Raterink was assigned to the expansion Kansas City Command of the AFL in 2011, where he was named the starting quarterback. After 13 games Raterink was traded back to Chicago.

===Return to the Chicago Rush===
Raterink returned to the Rush in 2011 when the Command traded Raterink for Todd Devoe and future considerations.

===Iowa Barnstormers===
Raterink was assigned to the AFL's Iowa Barnstormers in 2012. Raterink was named the starter for the Barnstormers out of training camp. Raterink was off to a great start of the season, when he was injured during a May 19 loss to the Jacksonville Sharks. Raterink sustained an AC contusion in this throwing shoulder, but returned to the lineup the following week playing with extra padding on is shoulder. He went on to set franchise records for passing yards in a single season (4,870) and passing touchdowns (93), passing Kurt Warner and Aaron Garcia respectively. The Barnstormers re-signed Raterink after the season to a two-year deal through the 2014 season.

===Los Angeles Kiss===
On September 10, 2013, Raterink was traded by the Barnstormers to the Los Angeles Kiss in exchange for Carson Coffman. He was awarded the Al Lucas AFL Pulse Hero Award for his philanthropic efforts during the 2014 season.

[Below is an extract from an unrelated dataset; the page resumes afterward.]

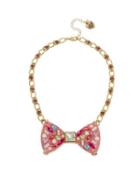 Steve Madden Betseys Funfetti Bow Necklace Pink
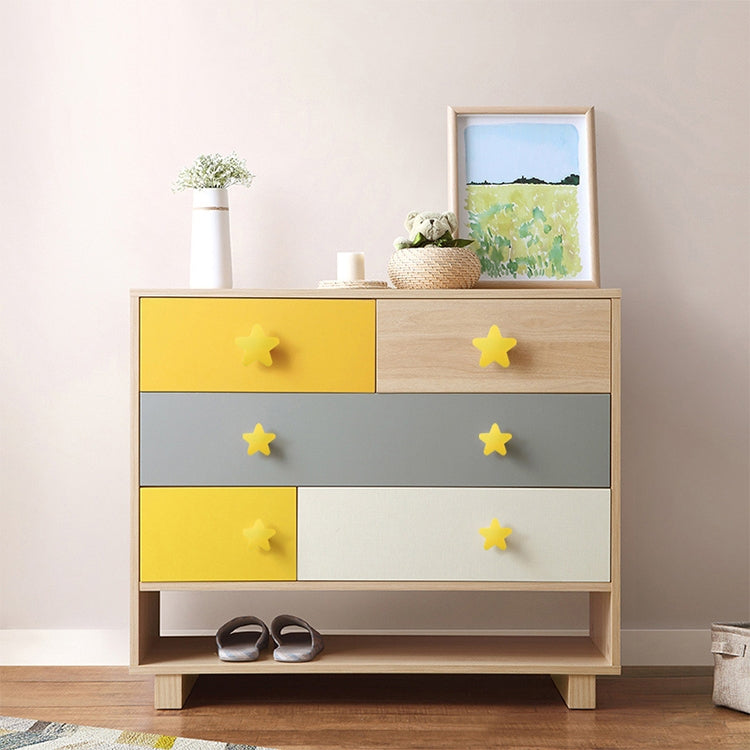 Little Yellow Star Pattern Shockproof Modern Cartoon Children Drawer Cabinet Handle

===Return to the Iowa Barnstormers===
On Monday May 12, Raterink was traded by the Los Angeles Kiss to the Jacksonville Sharks and then subsequently traded back to the Iowa Barnstormers.

===Return to the KISS===
On June 30, 2014, the Barnstormers traded Raterink to the Philadelphia Soul for future considerations. On the same day, the Soul traded Raterink back to the KISS for future considerations.

===Las Vegas Outlaws===
On October 28, 2014, Raterink and former Los Angeles Kiss teammate Donovan Morgan were announced as the first signings by the Las Vegas Outlaws of the AFL.

===Guangzhou Power===
Raterink was selected by the Guangzhou Power of the China Arena Football League (CAFL) in the 12th round of the 2016 CAFL draft, and was the starting quarterback for the Power during the 2016 season. He completed 82 of 144 passes for 1,152 yards, 20 touchdowns and 7 interceptions. He was listed on the Power's roster for the 2018 season.

===Baltimore Brigade===
Raterink was assigned to the AFL's Baltimore Brigade on August 2, 2017.

==Career statistics==

===AFL===

| Year | Team | Passing |  |  |  |  |  |  | Rushing |  |  |
| Cmp | Att | Pct | Yds | TD | Int | Rtg | Att | Yds | TD |
| 2010 | Chicago | 65 | 102 | 63.7 | 767 | 14 | 2 | 112.66 | 8 | 9 | 2 |
| 2011 | Chicago | 64 | 105 | 61.0 | 888 | 16 | 2 | 118.27 | 4 | 8 | 2 |
| 2011 | Kansas City | 311 | 500 | 62.2 | 3,723 | 65 | 17 | 103.28 | 48 | 138 | 5 |
| 2012 | Iowa | 413 | 618 | 66.8 | 4,870 | 93 | 10 | 121.49 | 37 | 110 | 8 |
| 2013 | Iowa | 346 | 575 | 60.2 | 4,015 | 78 | 18 | 102.19 | 32 | 10 | 8 |
| 2014 | Los Angeles | 211 | 383 | 55.1 | 2,335 | 38 | 19 | 77.53 | 6 | 5 | 1 |
| 2014 | Iowa | 101 | 163 | 62.0 | 1,320 | 22 | 1 | 118.65 | 37 | 111 | 9 |
| 2015 | Las Vegas | 178 | 325 | 54.8 | 1,986 | 35 | 9 | 88.57 | 32 | 19 | 6 |
| Career |  | 1,689 | 2,771 | 61.0 | 19,904 | 361 | 78 | 103.65 | 204 | 410 | 41 |

===College===

| Season | Team | Passing |  |  |  |  |  |  | Rushing |  |  |
| Comp | Att | Pct | Yds | TD | Int | Rtg | Att | Yds | TD |
| 2001 | Wyoming | 3 | 5 | 60.0 | 37 | 0 | 0 | 122.2 | 1 | 1 | 0 |
| 2002 | Wyoming | 0 | 0 | 0.0 | 0 | 0 | 0 | 0.0 | 0 | 0 | 0 |
| 2003 | Wyoming | 0 | 0 | 0.0 | 0 | 0 | 0 | 0.0 | 0 | 0 | 0 |
| 2004 | Wyoming | 37 | 64 | 57.8 | 373 | 4 | 3 | 118.0 | 27 | 33 | 0 |
| Totals |  | 40 | 69 | 58.0 | 410 | 4 | 3 | 118.3 | 28 | 34 | 0 |

==Coaching career==
Raterink was a part of Ed McCaffrey's coaching staff at Valor Christian High School from 2018 to 2019, where he helped Valor Christian win the 2018 5A state championship.

Raterink was the quarterbacks coach for Northern Colorado from 2020 to 2022, again under McCaffrey.